Terrakotta besitzt eine sehr dichte Materialstruktur, die zu einer sehr geringen Wasseraufnahme des Materials führt. Trotz der dichten Materialstruktur bleibt Terrakotta aufgrund ihrer Mikroporen atmungsaktiv und ist damit hervorragend für die Dauer-Bepflanzung geeignet. Terrakotta kann die täglichen Temperaturschwankungen besonders gut ausgleichen, indem eine gewisse Verdunstung von Wasser an und durch die Oberfläche des Kübels bei großer Hitze kühlend wirkt.

Wegen der grundsätzlich geringen Wasseraufnahme von Terrakotta erreicht diese aber vor allem eine besondere Frostfestigkeit. Damit diese theoretische Frostfestigkeit aber erreicht wird, müssen einige wichtige Dinge beachtet werden.

Wichtige Grundregeln für den Umgang mit Terrakotta im Winter:

Gefrierendes Wasser sprengt mit seiner Ausdehnung selbst Felsen! 100% frostfeste Gefäße kann es daher nicht geben, da ein gefrierender nasser Wurzelballen unglaublichen Druck auf ein Gefäß ausüben kann. Die eigentlich „winterfeste“ Terrakotta wird auseinander gesprengt!

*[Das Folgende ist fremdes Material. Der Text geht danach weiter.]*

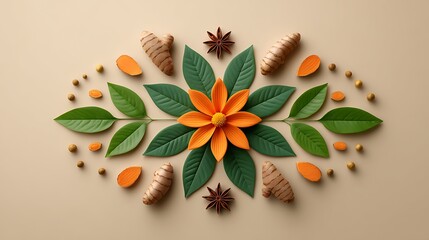 Turmeric Roots Petals Star Anise Golden Geometric Symmetry Soft Matte Beige Background Minimal Food Art Photography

Dennoch kann man mit einigen Maßnahmen viel erreichen:

  • Gefäße mit konischen, sich nach oben öffnenden Formen, sind bauchigen Gefäßen oder Kästen mit parallelen Wänden vorzuziehen. So gibt es keine Probleme beim Umpflanzen und bei Frost kann ein gefrierender und sich deshalb ausdehnender Wurzelballen nach oben ausweichen. Der Druck des gefrierenden Erdblockes wird nach oben abgeleitet.
  • Es sollte vermieden werden, daß Wasser in Kübeln stehenbleibt und dort als Block gefrieren kann.
  • Gefäßen sollten ein ausreichend großes Loch besitzen, durch das überschüssiges Wasser abziehen kann (Drainage). Dieses Loch sollte mit Scherben und Kies so abgedeckt werden, daß Wasser ungehindert abfließen kann. Erde darf den Abfluß nicht versperren. Nach Möglichkeit sollte zuunterst eine lockere Drainageschicht aus Blähton oder Terraton liegen, die hilft den Wasserhaushalt zu regulieren. Sie kann Feuchtigkeit speichern, leitet aber auch überschüssiges Wasser ab.
  • Lockere hochwertige Erde mit guter Struktur und viel Humus leitet ebenfalls überschüssiges Wasser besser ab, bindet aber dennoch mehr Feuchtigkeit bei großer Hitze und Trockenheit. Lehmige Erde wirkt wasserstauend.
  • Besonders wichtig ist es, die Gefäße auf Holzleisten oder Terrakotta-Füße zu stellen, damit der Wasserabfluß gewährleistet ist und die Gefäße nicht am Boden fest frieren können.